### Your task:
Could you print exactly the lines of the listing below, starting at the line that has "DAMEN Shirt langarm (Folkstone Grey)" and ending at the line that has "OK license plate 846AMU", and only those lines?

### Dataset records:

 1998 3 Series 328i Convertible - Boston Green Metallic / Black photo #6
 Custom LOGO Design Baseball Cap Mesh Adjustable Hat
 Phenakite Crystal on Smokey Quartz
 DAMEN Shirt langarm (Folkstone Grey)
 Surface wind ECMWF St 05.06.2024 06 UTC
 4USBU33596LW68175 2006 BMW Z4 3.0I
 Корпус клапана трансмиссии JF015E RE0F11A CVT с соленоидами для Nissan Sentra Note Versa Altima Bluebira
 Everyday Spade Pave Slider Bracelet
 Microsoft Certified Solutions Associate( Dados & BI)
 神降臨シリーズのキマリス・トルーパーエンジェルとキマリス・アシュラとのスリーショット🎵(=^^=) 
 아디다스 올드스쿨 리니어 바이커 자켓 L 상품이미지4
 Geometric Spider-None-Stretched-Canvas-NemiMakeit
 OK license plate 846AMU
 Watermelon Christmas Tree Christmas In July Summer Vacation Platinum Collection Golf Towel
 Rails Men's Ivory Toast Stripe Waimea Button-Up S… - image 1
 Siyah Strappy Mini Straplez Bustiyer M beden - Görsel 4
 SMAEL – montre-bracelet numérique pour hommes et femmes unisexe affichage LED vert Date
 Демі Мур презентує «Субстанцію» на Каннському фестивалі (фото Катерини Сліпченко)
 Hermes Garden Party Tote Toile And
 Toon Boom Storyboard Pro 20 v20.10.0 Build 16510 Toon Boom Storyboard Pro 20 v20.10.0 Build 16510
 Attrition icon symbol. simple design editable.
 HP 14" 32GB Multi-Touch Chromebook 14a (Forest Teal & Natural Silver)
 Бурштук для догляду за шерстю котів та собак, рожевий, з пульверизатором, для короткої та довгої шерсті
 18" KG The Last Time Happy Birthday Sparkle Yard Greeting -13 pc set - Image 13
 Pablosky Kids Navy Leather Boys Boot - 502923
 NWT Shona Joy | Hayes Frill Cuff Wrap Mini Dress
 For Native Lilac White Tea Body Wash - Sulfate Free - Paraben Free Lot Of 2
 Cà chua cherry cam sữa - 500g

### Result for this task:
 DAMEN Shirt langarm (Folkstone Grey)
 Surface wind ECMWF St 05.06.2024 06 UTC
 4USBU33596LW68175 2006 BMW Z4 3.0I
 Корпус клапана трансмиссии JF015E RE0F11A CVT с соленоидами для Nissan Sentra Note Versa Altima Bluebira
 Everyday Spade Pave Slider Bracelet
 Microsoft Certified Solutions Associate( Dados & BI)
 神降臨シリーズのキマリス・トルーパーエンジェルとキマリス・アシュラとのスリーショット🎵(=^^=) 
 아디다스 올드스쿨 리니어 바이커 자켓 L 상품이미지4
 Geometric Spider-None-Stretched-Canvas-NemiMakeit
 OK license plate 846AMU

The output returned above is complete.